Items from a dataset
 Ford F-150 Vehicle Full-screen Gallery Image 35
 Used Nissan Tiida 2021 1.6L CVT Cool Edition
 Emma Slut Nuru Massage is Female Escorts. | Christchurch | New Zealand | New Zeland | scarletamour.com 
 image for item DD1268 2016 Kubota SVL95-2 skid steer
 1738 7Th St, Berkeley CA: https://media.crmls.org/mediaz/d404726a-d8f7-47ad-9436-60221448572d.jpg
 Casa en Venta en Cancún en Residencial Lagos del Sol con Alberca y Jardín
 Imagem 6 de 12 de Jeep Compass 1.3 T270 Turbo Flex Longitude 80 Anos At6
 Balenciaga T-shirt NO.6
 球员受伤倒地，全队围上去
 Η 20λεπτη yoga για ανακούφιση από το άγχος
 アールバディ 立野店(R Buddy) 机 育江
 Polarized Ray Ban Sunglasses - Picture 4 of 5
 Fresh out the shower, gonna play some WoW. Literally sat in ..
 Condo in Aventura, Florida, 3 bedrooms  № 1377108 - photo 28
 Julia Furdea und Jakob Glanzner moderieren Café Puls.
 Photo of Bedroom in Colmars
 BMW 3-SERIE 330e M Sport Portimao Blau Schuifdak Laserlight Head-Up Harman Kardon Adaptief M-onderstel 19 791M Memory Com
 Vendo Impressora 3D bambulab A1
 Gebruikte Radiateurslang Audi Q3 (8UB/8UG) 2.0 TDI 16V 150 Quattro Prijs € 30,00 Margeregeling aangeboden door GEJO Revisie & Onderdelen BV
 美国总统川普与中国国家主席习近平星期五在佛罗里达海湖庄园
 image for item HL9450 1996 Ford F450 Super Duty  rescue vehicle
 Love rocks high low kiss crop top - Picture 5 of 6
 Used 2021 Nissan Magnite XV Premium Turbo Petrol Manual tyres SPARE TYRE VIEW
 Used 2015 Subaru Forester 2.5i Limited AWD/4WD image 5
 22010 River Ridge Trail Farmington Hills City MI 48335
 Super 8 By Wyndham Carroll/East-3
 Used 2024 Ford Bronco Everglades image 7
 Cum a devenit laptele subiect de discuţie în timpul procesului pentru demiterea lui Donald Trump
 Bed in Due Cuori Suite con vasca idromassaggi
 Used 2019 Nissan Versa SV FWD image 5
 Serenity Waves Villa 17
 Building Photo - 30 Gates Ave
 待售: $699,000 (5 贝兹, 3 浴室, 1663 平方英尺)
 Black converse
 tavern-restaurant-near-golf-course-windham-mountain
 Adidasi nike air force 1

__WHAT IS NEEDED__.
Which lines of the data include the string "Super"? Find them and copy each one.

__RESPONSE__.
 image for item HL9450 1996 Ford F450 Super Duty  rescue vehicle
 Super 8 By Wyndham Carroll/East-3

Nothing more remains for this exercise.